**Your goal:** Where in the data below does the word "ตอนท" appear? Copy every line that has it.

**Short web captions:**
=== Section Start ===

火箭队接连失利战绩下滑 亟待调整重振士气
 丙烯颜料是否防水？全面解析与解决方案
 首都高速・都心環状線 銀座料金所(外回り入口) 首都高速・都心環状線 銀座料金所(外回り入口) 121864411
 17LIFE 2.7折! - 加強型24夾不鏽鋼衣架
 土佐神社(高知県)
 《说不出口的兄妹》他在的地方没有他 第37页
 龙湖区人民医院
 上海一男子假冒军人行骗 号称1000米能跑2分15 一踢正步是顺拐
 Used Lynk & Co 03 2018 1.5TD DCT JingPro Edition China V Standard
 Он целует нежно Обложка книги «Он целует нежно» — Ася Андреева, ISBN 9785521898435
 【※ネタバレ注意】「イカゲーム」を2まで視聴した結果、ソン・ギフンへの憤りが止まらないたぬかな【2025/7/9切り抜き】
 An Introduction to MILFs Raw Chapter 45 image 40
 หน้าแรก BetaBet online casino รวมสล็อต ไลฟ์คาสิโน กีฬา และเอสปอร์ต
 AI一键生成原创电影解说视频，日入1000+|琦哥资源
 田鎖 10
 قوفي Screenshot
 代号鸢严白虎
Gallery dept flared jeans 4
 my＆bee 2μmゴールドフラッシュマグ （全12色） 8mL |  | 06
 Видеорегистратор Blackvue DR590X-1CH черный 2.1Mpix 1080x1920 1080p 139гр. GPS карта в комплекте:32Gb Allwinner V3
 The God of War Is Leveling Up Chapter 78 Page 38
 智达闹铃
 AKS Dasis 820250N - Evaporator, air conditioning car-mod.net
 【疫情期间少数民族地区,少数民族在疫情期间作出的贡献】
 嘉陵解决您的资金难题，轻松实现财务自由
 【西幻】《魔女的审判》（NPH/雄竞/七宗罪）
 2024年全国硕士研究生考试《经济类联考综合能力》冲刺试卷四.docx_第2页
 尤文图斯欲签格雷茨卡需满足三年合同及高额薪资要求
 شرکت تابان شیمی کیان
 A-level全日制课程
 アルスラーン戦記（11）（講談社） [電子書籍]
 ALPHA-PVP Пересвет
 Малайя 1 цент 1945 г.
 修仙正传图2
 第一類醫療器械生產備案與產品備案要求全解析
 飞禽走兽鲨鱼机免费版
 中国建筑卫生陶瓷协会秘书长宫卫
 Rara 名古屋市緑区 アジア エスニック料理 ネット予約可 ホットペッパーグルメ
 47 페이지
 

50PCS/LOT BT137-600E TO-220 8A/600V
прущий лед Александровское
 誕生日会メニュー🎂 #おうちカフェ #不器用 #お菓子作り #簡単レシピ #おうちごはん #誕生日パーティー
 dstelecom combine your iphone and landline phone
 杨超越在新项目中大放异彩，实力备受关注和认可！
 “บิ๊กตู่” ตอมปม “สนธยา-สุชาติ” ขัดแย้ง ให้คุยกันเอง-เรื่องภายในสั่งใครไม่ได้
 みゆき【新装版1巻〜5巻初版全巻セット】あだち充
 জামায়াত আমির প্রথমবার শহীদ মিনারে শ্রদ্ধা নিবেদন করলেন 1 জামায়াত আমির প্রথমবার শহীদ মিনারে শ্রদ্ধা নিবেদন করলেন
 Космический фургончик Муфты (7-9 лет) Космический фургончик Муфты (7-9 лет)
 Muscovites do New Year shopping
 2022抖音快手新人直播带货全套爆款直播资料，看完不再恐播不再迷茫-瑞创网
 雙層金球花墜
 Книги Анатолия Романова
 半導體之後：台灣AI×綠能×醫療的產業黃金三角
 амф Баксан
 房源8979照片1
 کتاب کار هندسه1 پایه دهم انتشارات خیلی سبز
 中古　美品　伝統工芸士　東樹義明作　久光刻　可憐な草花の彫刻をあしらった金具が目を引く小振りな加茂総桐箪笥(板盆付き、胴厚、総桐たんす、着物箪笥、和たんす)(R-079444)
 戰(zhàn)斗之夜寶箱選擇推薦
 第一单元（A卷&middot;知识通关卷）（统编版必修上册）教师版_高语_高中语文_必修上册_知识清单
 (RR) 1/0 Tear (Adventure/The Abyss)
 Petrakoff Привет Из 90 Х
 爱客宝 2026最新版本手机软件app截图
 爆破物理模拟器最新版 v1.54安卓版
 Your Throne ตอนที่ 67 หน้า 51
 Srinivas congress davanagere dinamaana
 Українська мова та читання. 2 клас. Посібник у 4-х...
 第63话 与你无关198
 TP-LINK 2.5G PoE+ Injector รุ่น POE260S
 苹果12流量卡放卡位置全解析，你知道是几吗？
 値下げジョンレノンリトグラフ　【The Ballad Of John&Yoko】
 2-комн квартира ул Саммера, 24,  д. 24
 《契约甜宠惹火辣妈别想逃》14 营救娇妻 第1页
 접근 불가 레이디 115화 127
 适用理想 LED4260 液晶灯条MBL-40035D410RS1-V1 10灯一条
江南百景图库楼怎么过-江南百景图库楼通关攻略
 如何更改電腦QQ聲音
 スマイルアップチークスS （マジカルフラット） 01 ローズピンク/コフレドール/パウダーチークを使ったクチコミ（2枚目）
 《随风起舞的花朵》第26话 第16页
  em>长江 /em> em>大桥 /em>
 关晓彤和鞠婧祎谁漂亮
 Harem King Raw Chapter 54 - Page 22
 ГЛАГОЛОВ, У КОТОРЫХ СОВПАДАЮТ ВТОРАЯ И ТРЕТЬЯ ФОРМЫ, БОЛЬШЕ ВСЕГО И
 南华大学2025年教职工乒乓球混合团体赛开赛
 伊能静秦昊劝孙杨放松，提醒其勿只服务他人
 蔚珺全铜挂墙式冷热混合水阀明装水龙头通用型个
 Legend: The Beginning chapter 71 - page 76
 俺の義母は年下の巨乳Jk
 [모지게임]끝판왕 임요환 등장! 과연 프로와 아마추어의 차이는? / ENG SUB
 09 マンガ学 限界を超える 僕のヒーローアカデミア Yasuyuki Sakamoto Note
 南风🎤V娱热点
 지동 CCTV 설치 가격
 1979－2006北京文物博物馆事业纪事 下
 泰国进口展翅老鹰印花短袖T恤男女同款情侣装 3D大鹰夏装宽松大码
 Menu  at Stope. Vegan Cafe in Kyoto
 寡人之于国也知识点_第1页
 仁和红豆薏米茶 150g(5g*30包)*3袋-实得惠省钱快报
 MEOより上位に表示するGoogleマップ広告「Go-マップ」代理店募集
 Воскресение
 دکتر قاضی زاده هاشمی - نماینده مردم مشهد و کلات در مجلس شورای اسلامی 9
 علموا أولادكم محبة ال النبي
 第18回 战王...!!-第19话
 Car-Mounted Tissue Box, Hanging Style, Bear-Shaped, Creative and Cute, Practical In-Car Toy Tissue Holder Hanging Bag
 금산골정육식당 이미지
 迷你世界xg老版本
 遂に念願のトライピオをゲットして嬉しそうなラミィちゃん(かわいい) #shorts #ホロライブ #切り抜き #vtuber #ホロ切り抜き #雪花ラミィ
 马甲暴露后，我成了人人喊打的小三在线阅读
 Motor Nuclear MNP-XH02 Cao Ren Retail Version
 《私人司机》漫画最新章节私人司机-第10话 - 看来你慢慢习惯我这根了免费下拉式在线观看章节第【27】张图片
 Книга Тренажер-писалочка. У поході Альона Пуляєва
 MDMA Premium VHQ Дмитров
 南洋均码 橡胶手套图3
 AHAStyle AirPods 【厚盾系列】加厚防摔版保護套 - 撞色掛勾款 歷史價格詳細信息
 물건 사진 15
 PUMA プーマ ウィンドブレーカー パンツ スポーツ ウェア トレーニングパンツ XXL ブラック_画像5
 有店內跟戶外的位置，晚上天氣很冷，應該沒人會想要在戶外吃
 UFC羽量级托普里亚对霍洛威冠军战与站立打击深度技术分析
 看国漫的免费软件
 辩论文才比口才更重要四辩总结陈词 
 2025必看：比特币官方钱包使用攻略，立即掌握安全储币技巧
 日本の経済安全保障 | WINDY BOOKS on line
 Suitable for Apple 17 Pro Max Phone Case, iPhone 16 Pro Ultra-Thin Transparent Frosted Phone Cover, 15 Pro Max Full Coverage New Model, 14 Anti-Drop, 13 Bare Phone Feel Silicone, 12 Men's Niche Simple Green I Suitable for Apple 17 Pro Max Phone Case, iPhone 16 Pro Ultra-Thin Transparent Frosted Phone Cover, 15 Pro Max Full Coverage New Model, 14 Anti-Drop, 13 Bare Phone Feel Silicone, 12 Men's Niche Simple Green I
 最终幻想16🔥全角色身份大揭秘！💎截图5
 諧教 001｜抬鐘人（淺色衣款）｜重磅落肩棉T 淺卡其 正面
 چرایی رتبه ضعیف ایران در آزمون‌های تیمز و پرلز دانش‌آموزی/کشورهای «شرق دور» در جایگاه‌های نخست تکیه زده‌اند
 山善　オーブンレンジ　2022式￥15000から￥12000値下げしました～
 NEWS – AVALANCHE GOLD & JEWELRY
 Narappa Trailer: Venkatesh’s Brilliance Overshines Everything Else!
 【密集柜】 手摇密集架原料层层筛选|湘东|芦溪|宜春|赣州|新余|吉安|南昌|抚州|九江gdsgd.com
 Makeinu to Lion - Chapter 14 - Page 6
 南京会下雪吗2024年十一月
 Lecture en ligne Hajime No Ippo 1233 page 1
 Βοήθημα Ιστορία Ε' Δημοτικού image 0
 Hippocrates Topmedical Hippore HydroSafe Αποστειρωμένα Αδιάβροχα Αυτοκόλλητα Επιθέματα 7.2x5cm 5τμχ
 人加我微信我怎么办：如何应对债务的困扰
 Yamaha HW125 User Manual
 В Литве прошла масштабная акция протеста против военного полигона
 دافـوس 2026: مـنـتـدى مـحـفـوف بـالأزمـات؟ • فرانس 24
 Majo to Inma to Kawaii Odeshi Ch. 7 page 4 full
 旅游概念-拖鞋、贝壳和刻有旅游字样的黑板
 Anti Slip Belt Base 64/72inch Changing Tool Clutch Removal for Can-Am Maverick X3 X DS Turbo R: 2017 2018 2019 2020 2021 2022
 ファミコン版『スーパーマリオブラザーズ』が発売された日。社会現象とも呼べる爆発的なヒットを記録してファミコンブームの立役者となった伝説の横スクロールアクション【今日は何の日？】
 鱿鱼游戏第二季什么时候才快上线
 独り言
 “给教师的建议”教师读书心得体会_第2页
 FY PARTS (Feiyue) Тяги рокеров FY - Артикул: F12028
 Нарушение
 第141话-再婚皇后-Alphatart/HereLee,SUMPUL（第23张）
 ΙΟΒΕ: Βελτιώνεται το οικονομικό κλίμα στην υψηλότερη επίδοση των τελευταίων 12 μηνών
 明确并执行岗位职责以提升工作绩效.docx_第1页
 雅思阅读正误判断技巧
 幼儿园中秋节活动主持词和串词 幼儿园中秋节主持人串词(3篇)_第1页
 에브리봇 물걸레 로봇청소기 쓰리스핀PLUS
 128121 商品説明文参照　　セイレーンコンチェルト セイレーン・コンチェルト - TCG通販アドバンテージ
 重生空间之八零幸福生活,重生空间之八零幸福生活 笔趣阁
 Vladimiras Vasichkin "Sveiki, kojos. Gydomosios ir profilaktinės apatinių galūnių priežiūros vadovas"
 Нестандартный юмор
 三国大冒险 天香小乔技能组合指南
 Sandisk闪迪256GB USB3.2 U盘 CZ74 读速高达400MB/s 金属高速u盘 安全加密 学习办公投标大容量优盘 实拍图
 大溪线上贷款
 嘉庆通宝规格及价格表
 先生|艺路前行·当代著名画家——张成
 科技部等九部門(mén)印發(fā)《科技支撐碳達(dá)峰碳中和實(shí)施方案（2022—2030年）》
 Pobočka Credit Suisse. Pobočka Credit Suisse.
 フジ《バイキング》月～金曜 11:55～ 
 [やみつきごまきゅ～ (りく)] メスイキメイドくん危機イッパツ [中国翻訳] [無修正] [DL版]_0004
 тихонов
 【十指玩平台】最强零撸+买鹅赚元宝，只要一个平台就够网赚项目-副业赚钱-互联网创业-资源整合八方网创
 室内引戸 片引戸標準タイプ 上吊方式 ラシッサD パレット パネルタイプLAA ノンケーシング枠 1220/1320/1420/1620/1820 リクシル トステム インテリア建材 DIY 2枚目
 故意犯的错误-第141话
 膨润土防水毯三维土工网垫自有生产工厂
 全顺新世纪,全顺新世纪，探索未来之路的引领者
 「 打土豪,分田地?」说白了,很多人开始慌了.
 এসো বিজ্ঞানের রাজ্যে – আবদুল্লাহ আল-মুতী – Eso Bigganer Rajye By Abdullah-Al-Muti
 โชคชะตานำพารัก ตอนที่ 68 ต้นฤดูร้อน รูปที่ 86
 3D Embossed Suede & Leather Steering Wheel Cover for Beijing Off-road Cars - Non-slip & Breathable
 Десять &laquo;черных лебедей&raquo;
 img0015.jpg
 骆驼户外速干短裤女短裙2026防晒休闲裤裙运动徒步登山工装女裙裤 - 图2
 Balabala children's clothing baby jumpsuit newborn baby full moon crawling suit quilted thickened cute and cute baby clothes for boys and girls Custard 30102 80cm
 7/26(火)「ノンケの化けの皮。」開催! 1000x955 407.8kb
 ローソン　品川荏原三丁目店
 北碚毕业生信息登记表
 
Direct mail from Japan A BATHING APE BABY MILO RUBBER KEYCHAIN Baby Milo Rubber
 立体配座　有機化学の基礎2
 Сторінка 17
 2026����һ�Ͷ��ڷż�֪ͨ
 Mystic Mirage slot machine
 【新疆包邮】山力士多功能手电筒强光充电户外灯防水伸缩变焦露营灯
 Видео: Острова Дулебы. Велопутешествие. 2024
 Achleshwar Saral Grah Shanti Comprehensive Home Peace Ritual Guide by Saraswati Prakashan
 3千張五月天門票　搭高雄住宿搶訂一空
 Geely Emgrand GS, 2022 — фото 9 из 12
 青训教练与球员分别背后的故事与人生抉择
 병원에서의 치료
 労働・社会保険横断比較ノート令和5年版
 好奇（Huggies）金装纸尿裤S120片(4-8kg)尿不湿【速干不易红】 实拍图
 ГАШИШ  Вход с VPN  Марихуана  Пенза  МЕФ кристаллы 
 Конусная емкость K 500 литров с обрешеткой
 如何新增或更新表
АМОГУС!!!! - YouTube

=== Section End ===

**The answer:**
 Your Throne ตอนที่ 67 หน้า 51
 โชคชะตานำพารัก ตอนที่ 68 ต้นฤดูร้อน รูปที่ 86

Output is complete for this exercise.